24.1.2. Deep Convolutional GANs#

  • Deep Convolutional GANs (DCGANs) introduced convolutional layers to both the Generator and Discriminator, revolutionizing how GANs handle image generation. Source: Unsupervised Representation Learning with Deep Convolutional Generative Adversarial Networks

  • How DCGAN Improves over Vanilla GAN:

    • Architecture Adjustments: DCGAN replaces fully connected layers with convolutional and transposed convolutional layers, which help capture spatial hierarchies in images, improving output quality.

    • Batch Normalization: By adding batch normalization, DCGAN helps stabilizing training and accelerates convergence. Batch normalization in both the Generator and Discriminator layers helps address training instabilities.

    • Removing Pooling Layers: Instead of pooling, DCGAN uses strided convolutions, giving the network more flexibility and reducing information loss, thus addressing mode collapse partially by better preserving details across image generations.

Figure from https://arxiv.org/pdf/1511.06434

But how can we go from 1D to a 2D picture?

24.2. What is Transposed Convolution?#

Transposed convolution—also called deconvolution or fractionally strided convolution—is a technique used in deep learning to upsample feature maps by increasing their spatial resolution. This is useful in tasks like image generation, semantic segmentation, and super-resolution, where high-resolution outputs must be reconstructed from lower-resolution inputs.
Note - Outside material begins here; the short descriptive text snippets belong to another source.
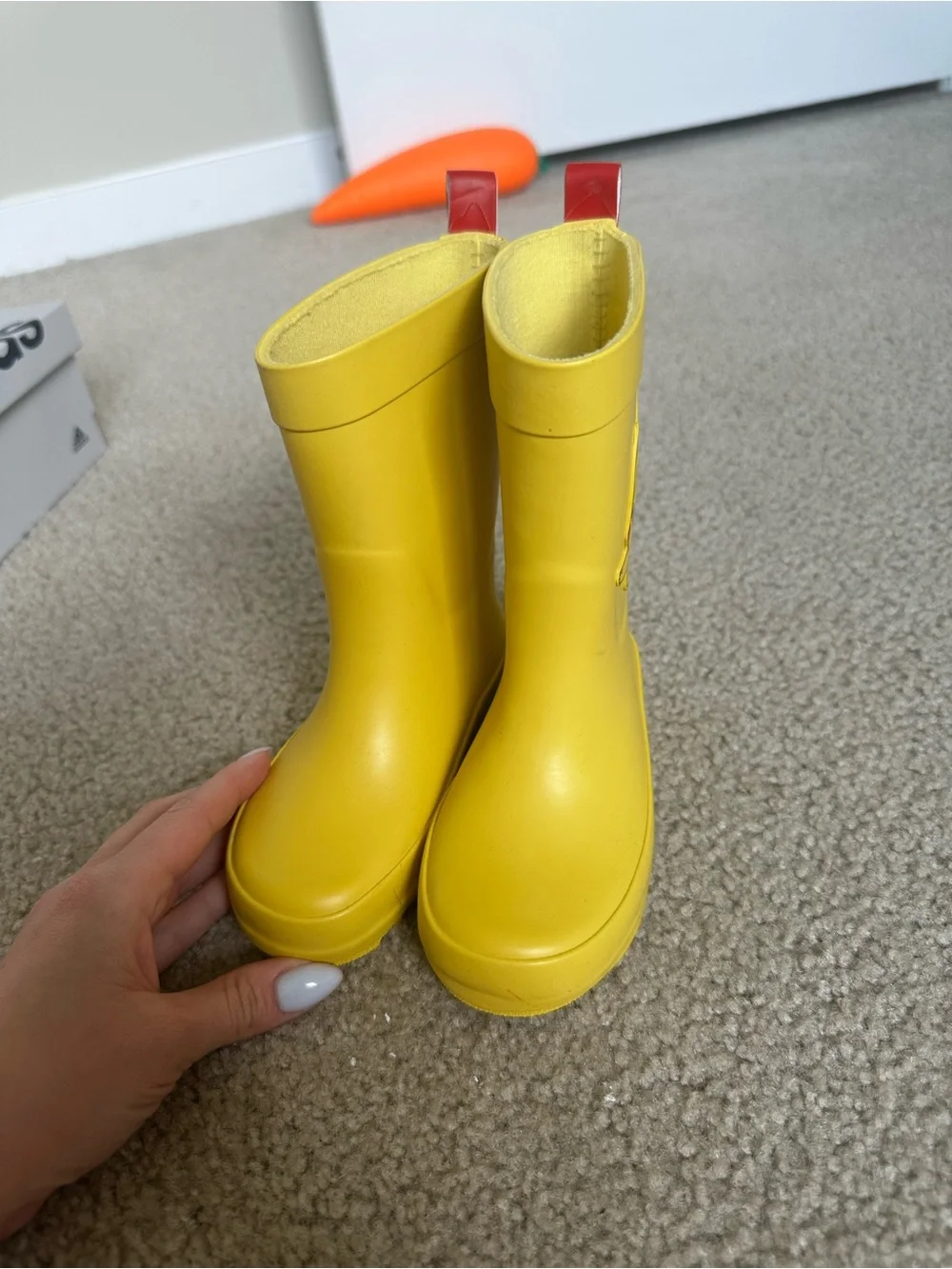 Pokémon Pikachu Yellow Rain Boots Kids Size 7.5 / EU 24 Waterproof Rubber Boots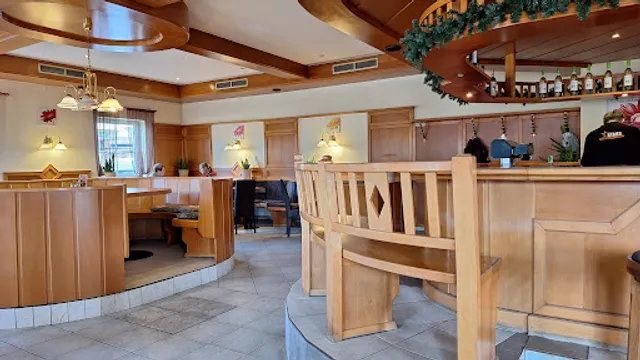 STARS Restaurant Pizzeria Cafe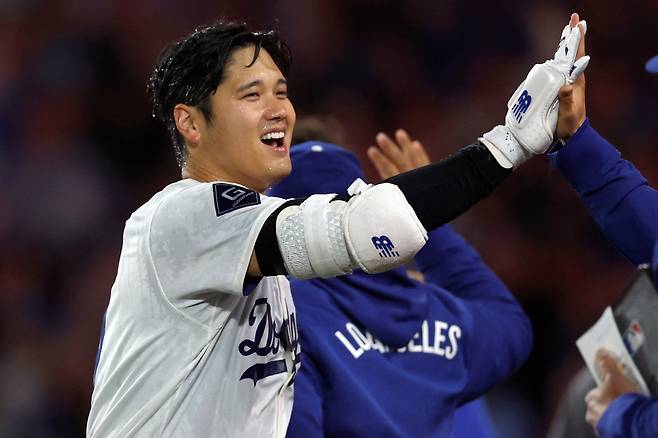 3일 미국 캘리포니아주 로스앤젤레스의 다저스타디움에서 열린 2025 미국프로야구 메이저리그 애틀랜타 브레이브스와 LA 다저스의 경기, 다저스가 오타니 쇼헤이의 끝내기 홈런에 힘입어 6:5 승리를 거두고 개막 8연승을 질주했다. 경기 종료 후 오타니가 동료들과 기쁨을 나누고 있다. AFP 연합뉴스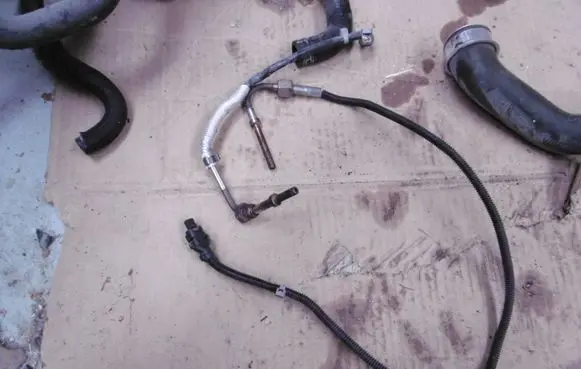 Mercedes-Benz S W221 Exhaust gas temperature sensor A0009058800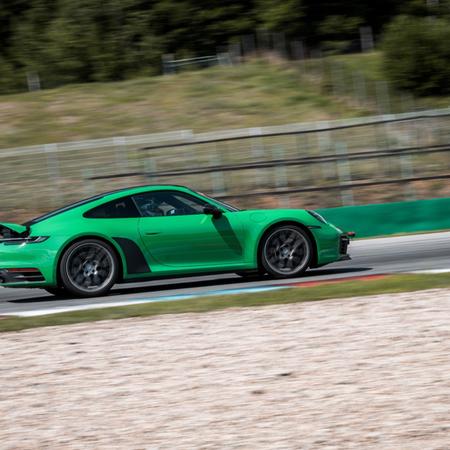 Porsche 992 corner” na trackday akci Šenkýř Motorsport v Brně...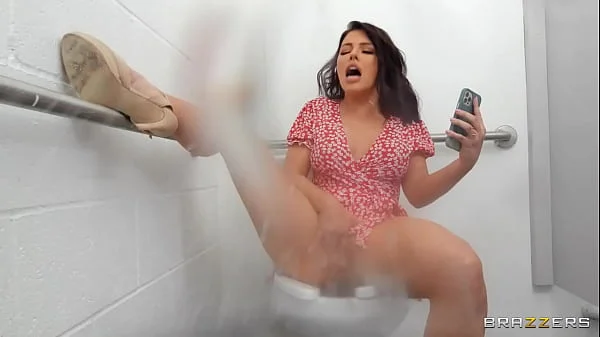 Emergency Squirter / Brazzers full video at http://zzfull.com/fire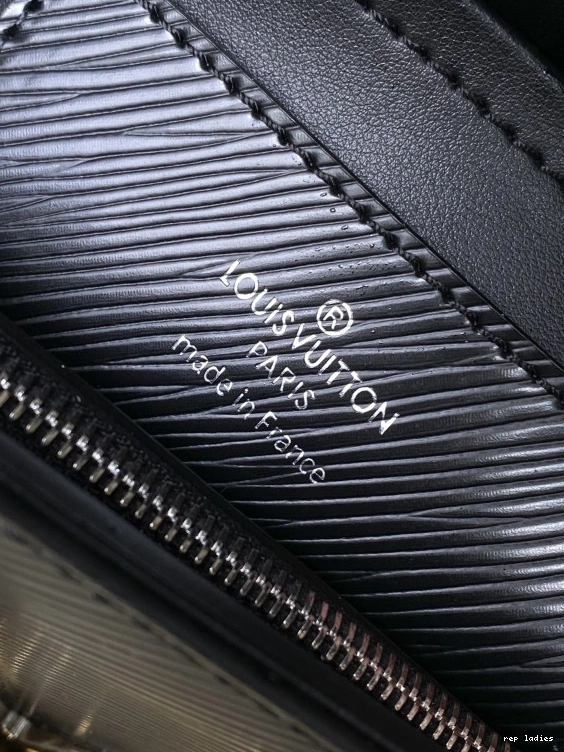 Cheap LOUIS VUITTON TWIST MM-23*17*9.5CM 0816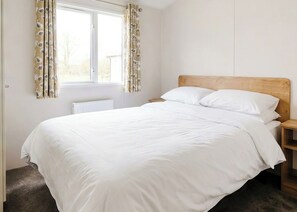 3 bedrooms - 3 bedroom accommodation in Monkton, Nr Ramsgate (Monkton, Nr Ramsgate)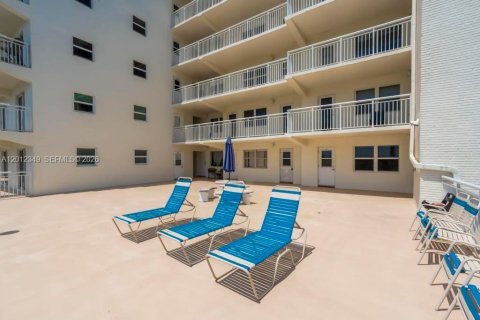 Condo in Hollywood, Florida, 1 bedroom  № 2243291 - photo 30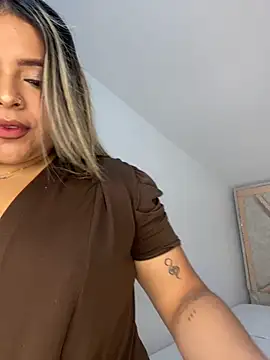 ashley-swift- online show from 09/26/25, 09:35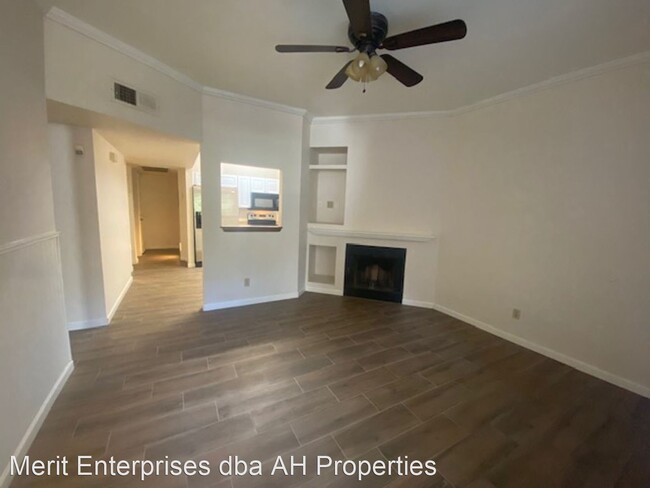 Building Photo - 1 br, 1 bath House - 1126 W ELLIOT RD #1056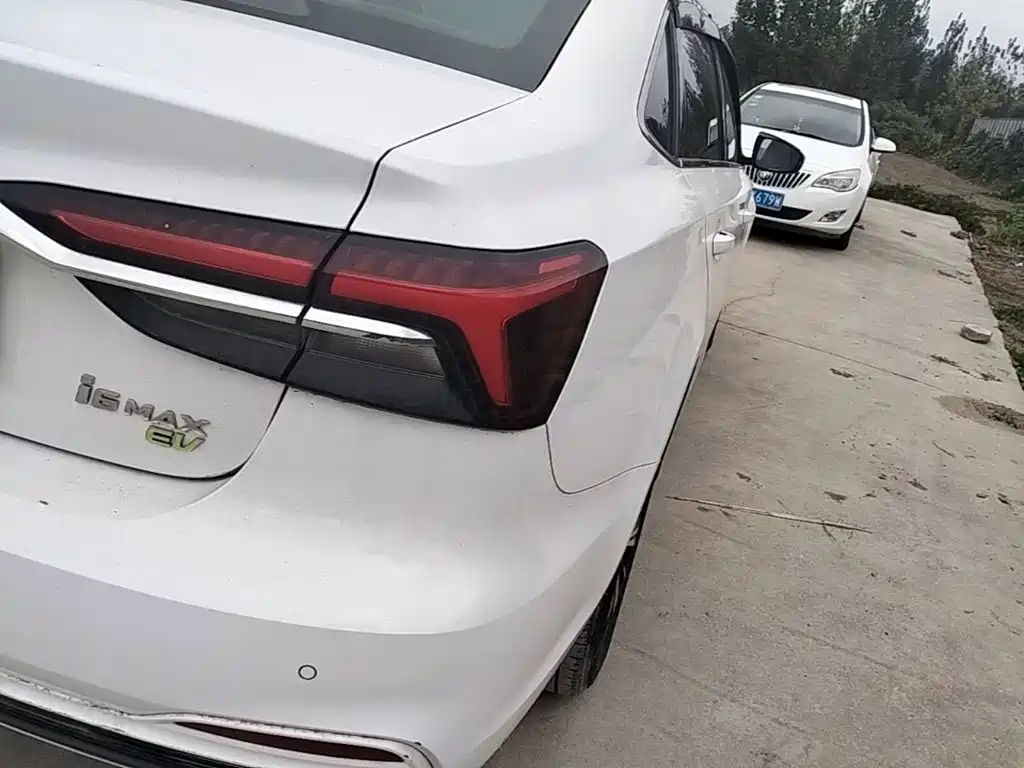 Roewe i6 MAX EV 2024 2023 EV 420 Sunroof Special Edition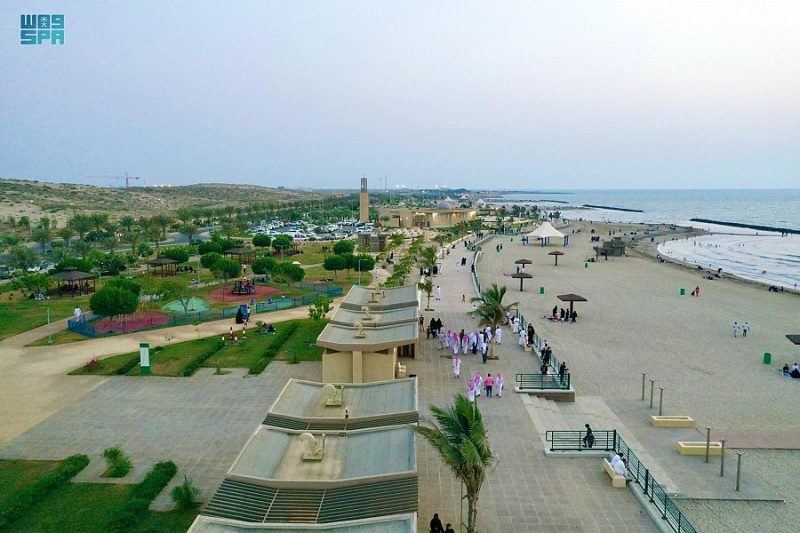 كورنيش بيش: تجربتك السياحية المثالية في السعودية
24.3. Convolution vs. Transposed Convolution#

In a standard convolution, a kernel (filter) slides over the input feature map to produce a smaller output, depending on stride, padding, and kernel size.

In contrast, a transposed convolution performs the inverse: it transforms a smaller input into a larger output, effectively reversing the spatial downsampling done by a regular convolution.


24.4. How Transposed Convolution Works#

a. Input Expansion
The input feature map is expanded by inserting spaces (typically zeros) between its elements. This creates a larger intermediate map that simulates upsampling.

b. Kernel Application
A convolutional kernel is then slid over the expanded input. Unlike standard convolution, the kernel spreads each input value over a region of the output, causing overlapping contributions (overlapping typically occurs when stride < kernel size).

c. Overlap Summation
Where multiple kernel applications overlap, their values are summed to produce the final upsampled feature map.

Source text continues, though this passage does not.